The business community has welcomed the "thawing of icy relations" between Coventry Airport and the local planning authority.
They believe Monday's decision by Warwick District Council to enter into an agreement with the airport will allow Coventry to take its place on the international map.
Brian Woods-Scawen, the chairman of the Coventry, Solihull and Warwickshire Partnership, has welcomed the decision, which diminishes the political threat to the Baginton airport's expansion into passenger operations.
"It is vital for the future economic prosperity of Coventry that the airport grows," he said. "Future jobs and investment were reliant on this decision and I'm delighted that common sense has prevailed."
Mr Woods-Scawen, who recently chaired Birmingham's bid to become European Capital of Culture, added: "Coventry has been hit badly in recent months with the loss of jobs in the manufacturing industry.
"But the success of the airport will give the city the opportunity to attract new investors in other sectors to recover from this blow.
"With the local authority agreeing to the expansion and the opening of the Ricoh Arena development in Coventry next month, these are exciting times to be involved in the regeneration of the city."
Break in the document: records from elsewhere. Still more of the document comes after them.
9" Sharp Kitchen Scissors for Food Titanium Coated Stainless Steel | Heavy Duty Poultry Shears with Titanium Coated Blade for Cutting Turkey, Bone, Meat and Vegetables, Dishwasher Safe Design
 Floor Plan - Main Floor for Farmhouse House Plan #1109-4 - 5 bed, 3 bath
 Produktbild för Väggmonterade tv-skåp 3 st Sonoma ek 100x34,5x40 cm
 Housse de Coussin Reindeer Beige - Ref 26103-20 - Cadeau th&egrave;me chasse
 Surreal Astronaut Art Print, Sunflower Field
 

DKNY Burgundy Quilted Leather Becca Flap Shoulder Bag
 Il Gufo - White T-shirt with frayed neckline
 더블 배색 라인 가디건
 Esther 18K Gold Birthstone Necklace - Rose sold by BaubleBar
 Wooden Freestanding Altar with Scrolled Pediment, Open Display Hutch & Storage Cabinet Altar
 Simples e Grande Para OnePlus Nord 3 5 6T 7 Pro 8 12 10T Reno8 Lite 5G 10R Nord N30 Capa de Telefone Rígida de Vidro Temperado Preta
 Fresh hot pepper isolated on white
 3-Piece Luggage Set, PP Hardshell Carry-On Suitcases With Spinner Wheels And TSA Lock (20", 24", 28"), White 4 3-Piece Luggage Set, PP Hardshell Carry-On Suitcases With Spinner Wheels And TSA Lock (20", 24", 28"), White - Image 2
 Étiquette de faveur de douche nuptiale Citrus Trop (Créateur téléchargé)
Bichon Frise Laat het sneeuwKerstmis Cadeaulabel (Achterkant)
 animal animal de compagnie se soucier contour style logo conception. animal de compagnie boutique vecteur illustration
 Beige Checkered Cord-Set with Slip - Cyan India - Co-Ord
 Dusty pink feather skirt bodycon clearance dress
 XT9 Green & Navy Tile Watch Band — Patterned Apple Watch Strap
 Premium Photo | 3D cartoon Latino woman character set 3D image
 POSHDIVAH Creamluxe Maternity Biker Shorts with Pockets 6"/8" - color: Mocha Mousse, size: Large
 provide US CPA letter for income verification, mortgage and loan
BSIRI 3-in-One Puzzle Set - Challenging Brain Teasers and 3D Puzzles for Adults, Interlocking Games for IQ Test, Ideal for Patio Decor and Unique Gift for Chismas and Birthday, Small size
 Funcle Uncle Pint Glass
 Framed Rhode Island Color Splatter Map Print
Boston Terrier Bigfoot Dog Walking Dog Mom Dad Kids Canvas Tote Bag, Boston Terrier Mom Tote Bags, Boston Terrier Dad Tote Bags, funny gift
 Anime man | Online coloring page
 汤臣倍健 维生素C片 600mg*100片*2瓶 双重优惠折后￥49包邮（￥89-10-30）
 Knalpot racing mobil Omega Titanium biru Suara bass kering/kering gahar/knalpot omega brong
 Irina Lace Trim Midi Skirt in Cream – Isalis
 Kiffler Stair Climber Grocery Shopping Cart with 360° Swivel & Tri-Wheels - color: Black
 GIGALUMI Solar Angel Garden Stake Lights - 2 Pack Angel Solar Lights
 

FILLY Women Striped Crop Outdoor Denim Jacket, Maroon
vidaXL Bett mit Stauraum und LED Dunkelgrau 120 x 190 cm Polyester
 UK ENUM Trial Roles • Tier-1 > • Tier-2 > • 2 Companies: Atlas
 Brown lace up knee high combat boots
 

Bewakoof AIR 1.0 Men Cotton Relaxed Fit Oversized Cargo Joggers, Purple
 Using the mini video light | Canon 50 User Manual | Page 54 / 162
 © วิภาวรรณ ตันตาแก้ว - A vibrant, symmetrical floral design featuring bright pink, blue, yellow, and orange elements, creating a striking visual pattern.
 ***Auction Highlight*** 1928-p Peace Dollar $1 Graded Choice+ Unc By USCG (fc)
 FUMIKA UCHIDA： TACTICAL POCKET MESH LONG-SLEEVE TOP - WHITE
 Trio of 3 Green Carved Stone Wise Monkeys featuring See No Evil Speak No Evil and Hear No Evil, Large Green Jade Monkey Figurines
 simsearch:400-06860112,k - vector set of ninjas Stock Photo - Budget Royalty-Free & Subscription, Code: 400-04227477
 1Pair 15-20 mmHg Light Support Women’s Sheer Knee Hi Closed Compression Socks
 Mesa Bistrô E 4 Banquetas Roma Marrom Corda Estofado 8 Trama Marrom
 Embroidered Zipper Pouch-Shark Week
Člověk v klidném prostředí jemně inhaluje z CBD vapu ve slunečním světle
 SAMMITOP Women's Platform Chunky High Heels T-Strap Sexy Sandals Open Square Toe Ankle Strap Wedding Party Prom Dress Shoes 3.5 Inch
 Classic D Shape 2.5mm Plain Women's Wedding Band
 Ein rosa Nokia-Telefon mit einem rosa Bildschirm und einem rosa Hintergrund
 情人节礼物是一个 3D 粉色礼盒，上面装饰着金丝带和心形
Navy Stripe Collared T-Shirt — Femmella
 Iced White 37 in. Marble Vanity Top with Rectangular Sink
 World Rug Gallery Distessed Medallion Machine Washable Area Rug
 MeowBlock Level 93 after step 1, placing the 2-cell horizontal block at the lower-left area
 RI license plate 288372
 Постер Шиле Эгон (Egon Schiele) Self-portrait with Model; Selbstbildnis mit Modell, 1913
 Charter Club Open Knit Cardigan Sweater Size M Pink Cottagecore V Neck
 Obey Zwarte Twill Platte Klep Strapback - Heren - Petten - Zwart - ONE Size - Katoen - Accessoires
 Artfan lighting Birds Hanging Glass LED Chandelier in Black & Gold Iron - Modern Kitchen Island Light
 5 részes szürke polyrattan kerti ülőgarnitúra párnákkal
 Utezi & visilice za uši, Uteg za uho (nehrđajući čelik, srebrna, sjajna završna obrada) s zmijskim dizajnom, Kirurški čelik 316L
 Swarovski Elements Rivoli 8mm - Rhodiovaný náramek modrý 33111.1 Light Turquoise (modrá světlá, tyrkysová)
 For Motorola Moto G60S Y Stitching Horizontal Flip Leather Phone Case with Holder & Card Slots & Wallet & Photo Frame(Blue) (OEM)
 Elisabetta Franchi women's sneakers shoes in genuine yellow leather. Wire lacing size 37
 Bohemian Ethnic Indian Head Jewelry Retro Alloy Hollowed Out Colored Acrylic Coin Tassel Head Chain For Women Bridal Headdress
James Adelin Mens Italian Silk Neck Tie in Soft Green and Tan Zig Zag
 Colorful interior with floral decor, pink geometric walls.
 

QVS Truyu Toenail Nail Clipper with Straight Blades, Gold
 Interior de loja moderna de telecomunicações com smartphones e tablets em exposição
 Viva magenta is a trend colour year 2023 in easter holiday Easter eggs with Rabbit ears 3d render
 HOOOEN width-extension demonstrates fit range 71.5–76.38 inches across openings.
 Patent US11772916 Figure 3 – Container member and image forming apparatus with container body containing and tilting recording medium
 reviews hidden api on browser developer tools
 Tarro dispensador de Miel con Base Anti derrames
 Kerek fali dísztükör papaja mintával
Warwick's planning committee agreed to a package of mitigation measures which will allow it some control over noise and the number of flights, where previously it had none. At the specially-convened meeting on Monday, it also gave permission for a 2,000-space car park.
Although protesters against the airport are viewing the decision as a U-turn in the council's year-long legal opposition to the airport, the council is maintaining that it has not dropped its technical objections to the current temporary terminal, which sparked a High Court challenge and a public inquiry. The Secretary of State is due to rule on the terminal by the end of the year.